THE TASK: A word-for-word copy of the listing is what's needed; leave out every image.

DATA SECTION:
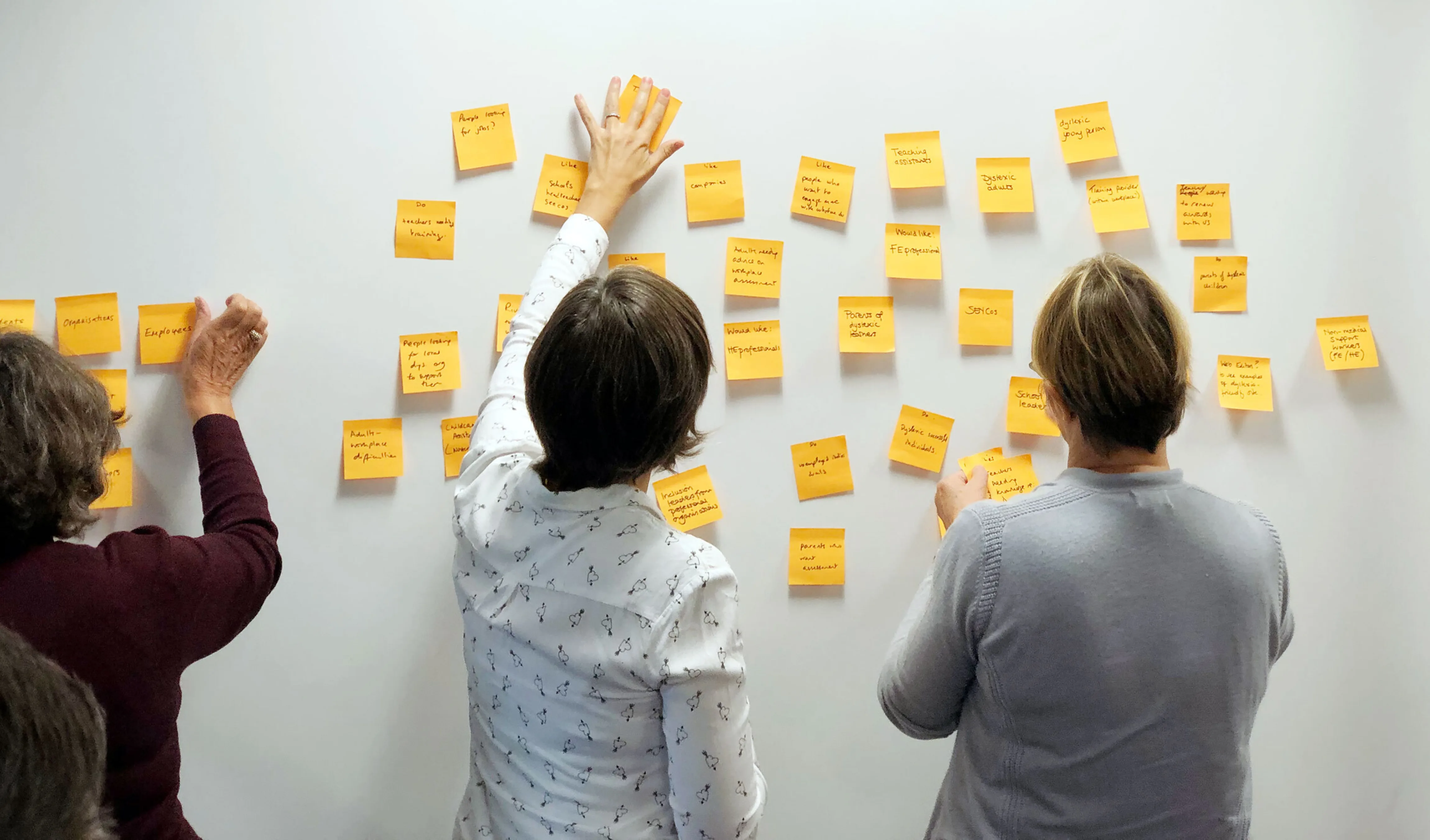 Three women post ideas to the wall on post-it notes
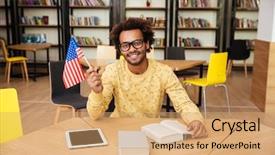  Presentation with united states flag - Colorful slides enhanced with cheerful african american young man holding united states flag sitting in library backdrop and a coral colored foreground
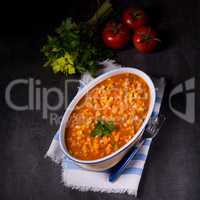 fish with vegetables in tomato sauce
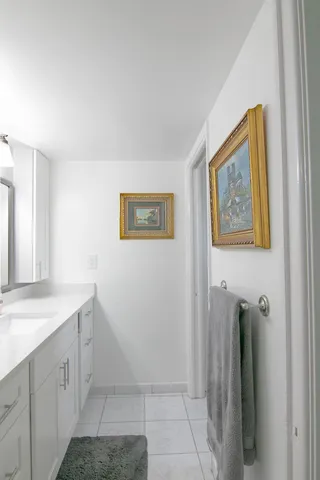 a view of a hallway to rooms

ANSWER BELOW:
 Three women post ideas to the wall on post-it notes
  Presentation with united states flag - Colorful slides enhanced with cheerful african american young man holding united states flag sitting in library backdrop and a coral colored foreground
 fish with vegetables in tomato sauce
 a view of a hallway to rooms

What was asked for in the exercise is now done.